Goff makes his first read towards the bottom. Anderson is covered. Too cold.
Read #2 goes up top towards Treggs on the corner. Covered. Too hot.
But read #3 is just right. There goes Harper coming free on the post route...
...and Goff rifles it in between the defense for a MadBum-esque strike.
Time to give the D some love. Oregon looks to counter-punch and comes out with 21 personnel, both tight ends on the line. Cal is in a 4-2-5 nickel, possible Cover 3.
At the snap, OSU's bottom guard pulls and Mannion looks to hand off. Cal's LBs rush to fill the hole.
It's a fake. Mannion pulls it down, but is immediately under pressure from Jalil(#90). Johnson(#11) eludes their TE, but gets doubled by their T.
...but Johnson refuses to quit. He pushes past the double team to bear down on Mannion. He locks eyes with his tight end...and they share a tender moment.
Which comes to a jarring end as Caleb Coleman (#10) sprints up from his nickel position to intercept Mannion's duck. You'd think that the All-Pac-12 Yardage Leader would be smarter than to throw that ball...except, you know, it's Oregon State. Bet he can communicate with sheep like a boss, though.
With Cal's offense unable to deliver the coup de grace, Oregon State is threatening again. They go 3 wide, 1 TE and Cal counters with a 4-2-5, possible quarters.
But General Kaufman decides to roll the hard six. It's a Cover 0 double dog blitz. Because Nickerson(#47) attacks the lower B gap, the OSU tackle has to pick up the inside rusher. By rule, you always protect inside-out because the inside rusher has a shorter path to the QB.
This leaves Johnson(#11) unblocked and with a free run at Mannion. This is not a tender moment...even if Cal fans everywhere hear angels singing while unicorns dance with leprachauns bearing endless pitchers of beer and do lines with Tony Franklin. I'm sorry. It's been a while (sniff) since our last sack.
OSU is down to their last desperate chance. They have 3 wideouts and 1 TE. Cal shows the same double LB blitz look. Pre-snap, the Beaver TB goes in motion towards the bottom.
Cal's safety, McClure, follows him. This suggests man coverage.
At the snap, Oregon State's tight end illegally picks off McClure. It's great technique for CPR or mouth-to-mouth, but completely disrupts McClure's ability to cover the Beaver tailback. But, Coleman had given a subtle hand signal to McClure before the snap...
..."I got this." Although it was another Cover 0 blitz, Coleman switched coverage onto the tailback and left McClure with the tight end. Instead of an (illegal) pick play for a first down, the Beaver tailback is stopped short for a huge turnover on downs.

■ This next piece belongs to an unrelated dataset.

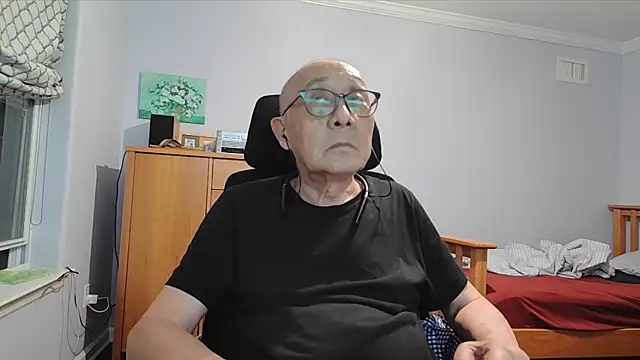 Snapshot of daver-man chatting on 09/30/25, 11:44 daver-man online show from 09/30/25, 11:44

I went on record predicting 4 wins +/-1 and even Head Football writer Nam Le said, "A LOT has to break right for 5." Yet here we are. My friend Scootie has already grudgingly conceded defeat and ceded a big bottle of Hendricks towards the Kodiak Happy-Happy Fund. Congrats to my buddy atoms, for fleecing the normally sound-minded boomtho out of a nice bottle of whisky:
CAL WINS 3 OR FEWER GAMES = BOOMTHO WINS NICE BOTTLE OF BOOZE OF HIS CHOICE (~$40-60)
CAL WINS 4 GAMES = PUSH. ATOMS AND BOOMTHO EXCHANGE BOTTLES OF BOOZE
CAL WINS 5+ GAMES = ATOMS WINS NICE BOTTLE OF BOOZE OF HIS CHOICE (~$40-60)
I can guarantee we won't lose this week. Let's get healthy, get focused, and get ready. Sure, the most likely route to a bowl lies through the reeling BYU Cougars. But taking down 'sc or Furd? Pure bliss.